# Persimmon



## JMC'sLT30 (Oct 26, 2010)

I just cut a lot of persimmon for a client and he got his fill so I got the leftover logs. If anyone is interested in some custom blanks just let me know. It will help cushion the blow I took on the small amount of money I agree to saw and dry his turkey call stock for. Great learning curb though.
James


----------



## ekendra (Jan 23, 2011)

I wouldn't mind having a bit of persimmon, how much $ are you looking to recoup?


----------



## JMC'sLT30 (Oct 26, 2010)

As much as I can get, fair market price I beleive is 8-10 dollars bd ft, shipping will be the bugger though. I have a few small ones about 2.5"x6"x6" that would fit in flat rate USPS boxes. Can get some fair sized bowl blanks with bark on too, they may fit in flat rate.
James


----------



## robert421960 (Dec 9, 2010)

i might be interested in one also


----------



## JMC'sLT30 (Oct 26, 2010)

The largest logs are about 12" in diameter and they go down to about 6" so let me know what your prefered diminsions would be and whether green or dried (some of it does have dark areas in it).
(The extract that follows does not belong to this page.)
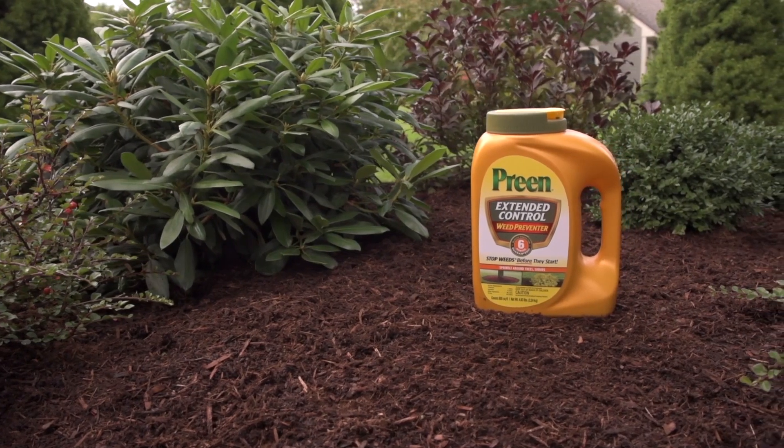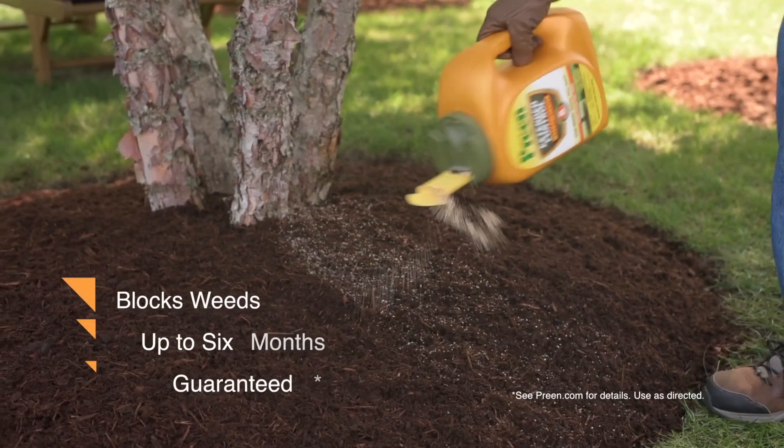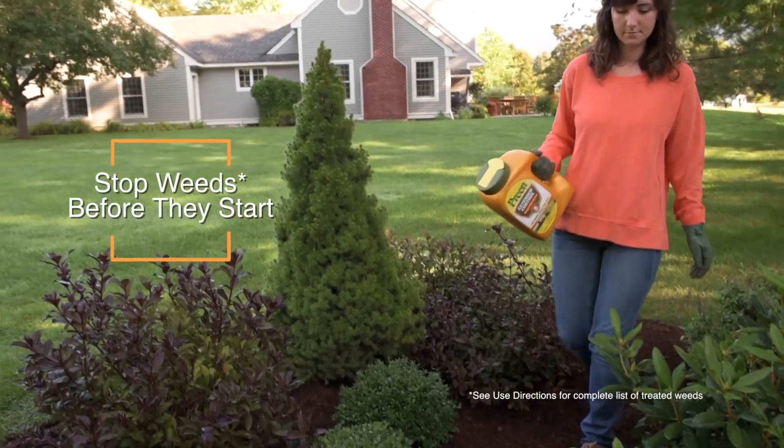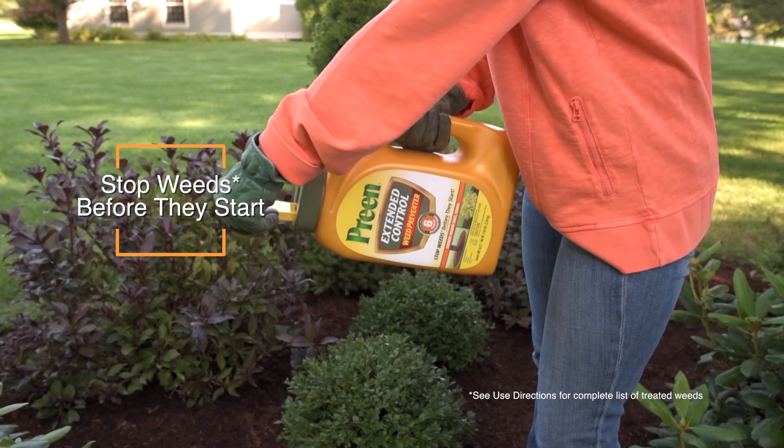Preen Extended Control Weed Preventer. One application blocks weeds for up to six months, guaranteed. Preen Extended Control Weed Preventer doesn't kill weeds — it's a weed preventer.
As many of you know I am new to wood turning and also to persimmon so please excuse my ignorance.
Thanks James


----------



## okiebugg (Dec 6, 2010)

JMC'sLT30 said:


> The largest logs are about 12" in diameter and they go down to about 6" so let me know what your prefered diminsions would be and whether green or dried (some of it does have dark areas in it). As many of you know I am new to wood turning and also to persimmon so please excuse my ignorance.
> Thanks James


A few years ago, I discovered a neat way to modify Persimmon wood. Is your wood is still in the form of a tree and branches?.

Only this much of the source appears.